Die Arbeiten waren nicht immer einfach, viele Hindernisse und Hürden mussten überwunden werden. Und doch gab es unvergessene Tage. „Etwa die Aufdeckung der Grundmauern der Vorgängerkirchen im Rahmen der statischen Stabilisierung, durch die ganz neue Erkenntnisse über die Baugeschichte gewonnen wurden“, sagt Stiftsdekan Glatzel.

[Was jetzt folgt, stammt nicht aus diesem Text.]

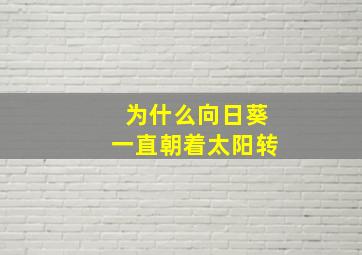 为什么向日葵一直朝着太阳转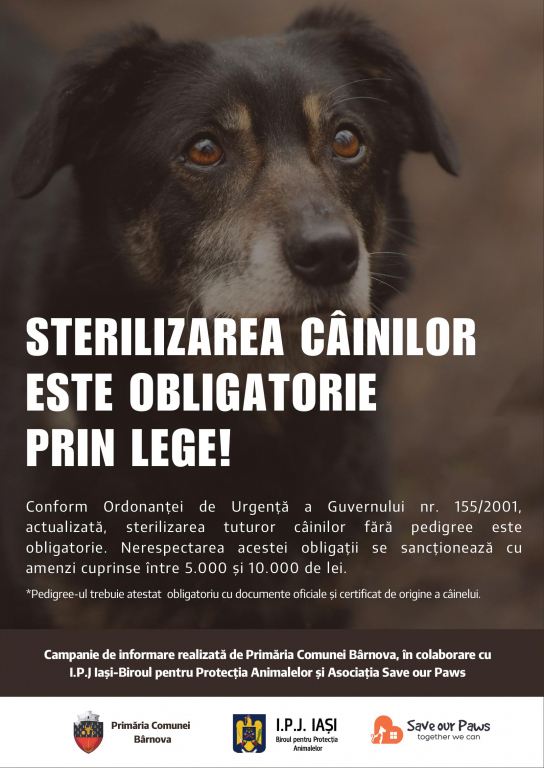 Sterilizarea animalelor de companie. Beneficii esențiale și obligație legală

6,6 Millionen Euro für Juwel

  • Wiedereröffnung:

    Am Sonntag konsekriert Bischof Dr. Rudolf Voderholzer den neuen Volksaltar. Beginn 9.30 Uhr

  • Festwoche:

    Anlässlich der Wiedereröffnung der Stiftspfarrkirche St. Kassian am Kassiansplatz, gestaltet das Stiftskapital eine Festwoche, die mit einem Vortrag von Architekt Michael Feil am Sonntag, 18.10. um 16 Uhr beginnt. Weitere Veranstaltungen: Dienstag 20.10.: Vortrag Bischof Dr. Rudolf Voderholzer zum marianischen Programm der Kirche, Beginn 19.30 Uhr. Am 21.10. Festkonzert um 19.30 Uhr. 22.10.: Vortrag Klemens Unger „Kleinod St. Kassian“, um 19.30 Uhr. 23.10.: Festlicher Gottesdienst in St. Kassian um 10 Uhr und um 19.30 Uhr zwei Vorträge von Dr. Eugen Trapp und Dr. Michael Schmidt zu Fresken und Baugeschichte. 24.10.: Öffentliche Kirchenführung um 11 Uhr. 25.10.: Vesper mit Kirchenführung ab 15 Uhr.

  • Festschrift:

    Mit der Eröffnung erscheint eine Informationsbroschüre mit dem Titel „Die Stiftskirche St. Kassian - Regensburgs älteste Pfarrkirche, das Buch über die Renovierung ist erhältlich in der Sakristei von St. Kassian zum Preis von 24,95 €.

  • Kosten:

    Für die Außenrenovierung wurden 2,6 Millionen Euro ausgegeben, die Innenrenovierung kostete 4 Millionen Euro.